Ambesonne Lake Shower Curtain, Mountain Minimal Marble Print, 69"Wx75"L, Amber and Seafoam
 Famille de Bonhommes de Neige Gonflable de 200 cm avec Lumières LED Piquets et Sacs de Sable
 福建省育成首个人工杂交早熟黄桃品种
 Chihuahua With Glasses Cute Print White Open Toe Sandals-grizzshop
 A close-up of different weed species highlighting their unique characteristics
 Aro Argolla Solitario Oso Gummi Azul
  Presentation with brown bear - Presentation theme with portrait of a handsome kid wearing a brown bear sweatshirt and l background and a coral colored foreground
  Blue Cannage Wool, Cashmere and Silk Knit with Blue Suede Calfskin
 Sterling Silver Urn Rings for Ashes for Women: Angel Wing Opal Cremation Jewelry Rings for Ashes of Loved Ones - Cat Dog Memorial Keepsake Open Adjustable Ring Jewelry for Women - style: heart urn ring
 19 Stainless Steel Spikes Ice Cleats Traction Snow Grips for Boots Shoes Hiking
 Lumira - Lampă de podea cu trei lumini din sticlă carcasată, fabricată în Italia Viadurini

TASK TO CARRY OUT — The line containing "Blue Cannage Wool, Cashmere" and all lines after it, through the last line of the data, should be retyped exactly.

FINISHED EXERCISE —
  Blue Cannage Wool, Cashmere and Silk Knit with Blue Suede Calfskin
 Sterling Silver Urn Rings for Ashes for Women: Angel Wing Opal Cremation Jewelry Rings for Ashes of Loved Ones - Cat Dog Memorial Keepsake Open Adjustable Ring Jewelry for Women - style: heart urn ring
 19 Stainless Steel Spikes Ice Cleats Traction Snow Grips for Boots Shoes Hiking
 Lumira - Lampă de podea cu trei lumini din sticlă carcasată, fabricată în Italia Viadurini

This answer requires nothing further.